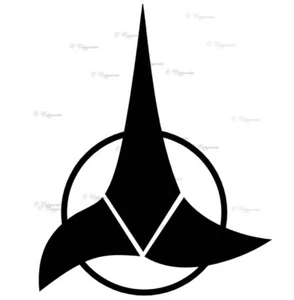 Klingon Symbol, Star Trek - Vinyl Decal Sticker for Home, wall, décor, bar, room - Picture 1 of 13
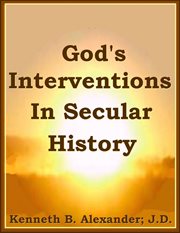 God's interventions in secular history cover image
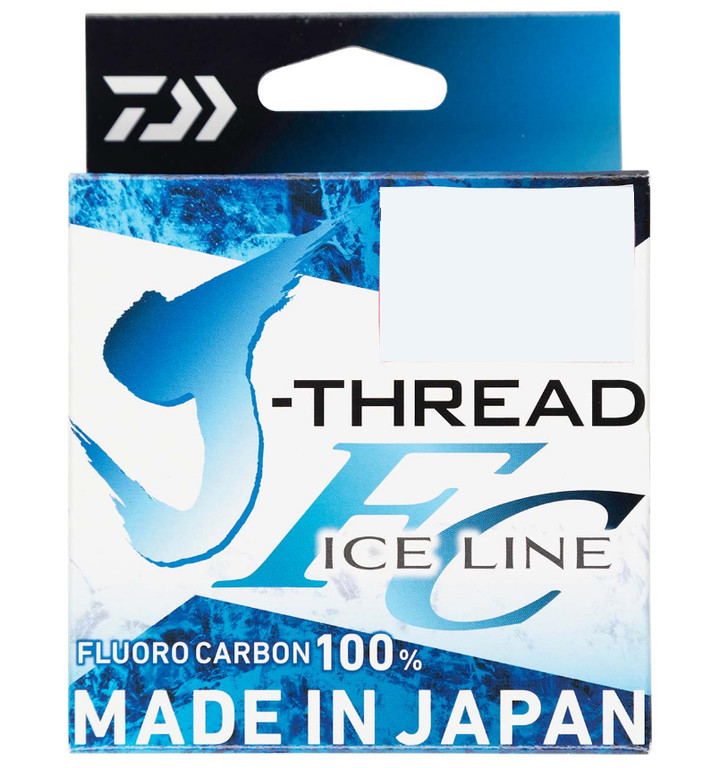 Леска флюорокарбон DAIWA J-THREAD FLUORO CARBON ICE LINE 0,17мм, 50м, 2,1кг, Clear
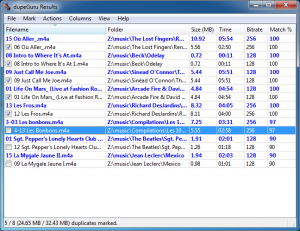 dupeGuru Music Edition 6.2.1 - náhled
* * *
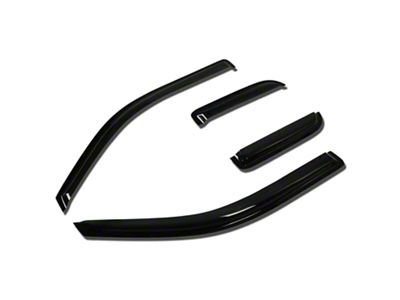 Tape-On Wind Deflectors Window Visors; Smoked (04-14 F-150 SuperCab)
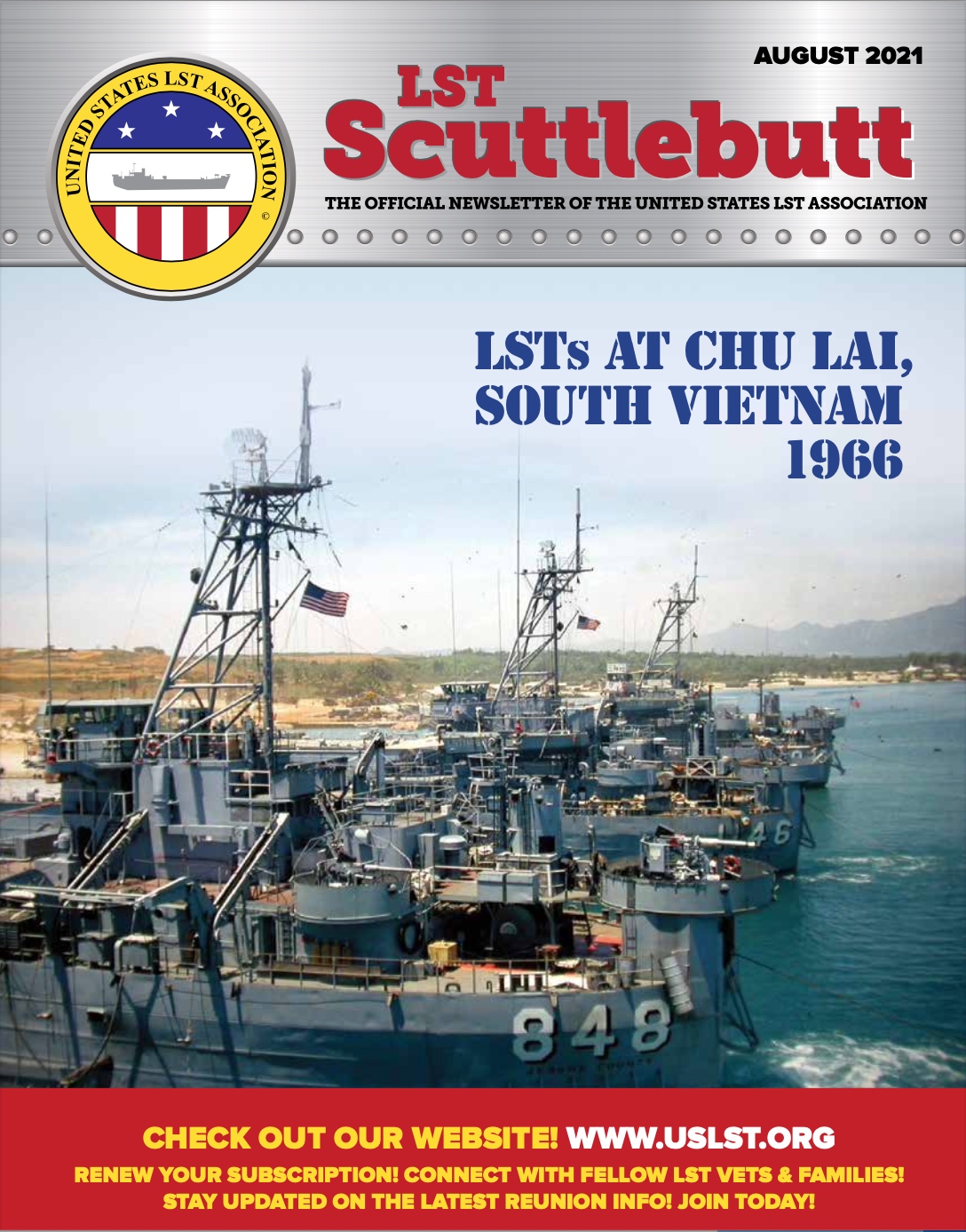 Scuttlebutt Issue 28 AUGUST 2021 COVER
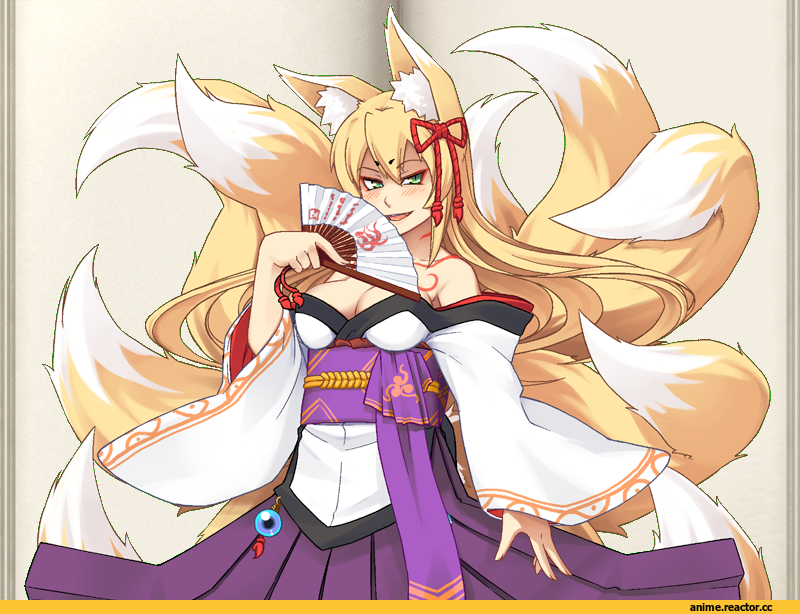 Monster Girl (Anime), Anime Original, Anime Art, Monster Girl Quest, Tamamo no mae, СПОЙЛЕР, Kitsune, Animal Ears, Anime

### WORK TO COMPLETE
Only one part of the listing is wanted: the lines from the one containing "Tape-On Wind Deflectors" through the one containing "Monster Girl (Anime), Anime", both included. Please transcribe it exactly, leaving out the pictures.

### SOLVED PROBLEM
 Tape-On Wind Deflectors Window Visors; Smoked (04-14 F-150 SuperCab)
 Scuttlebutt Issue 28 AUGUST 2021 COVER
 Monster Girl (Anime), Anime Original, Anime Art, Monster Girl Quest, Tamamo no mae, СПОЙЛЕР, Kitsune, Animal Ears, Anime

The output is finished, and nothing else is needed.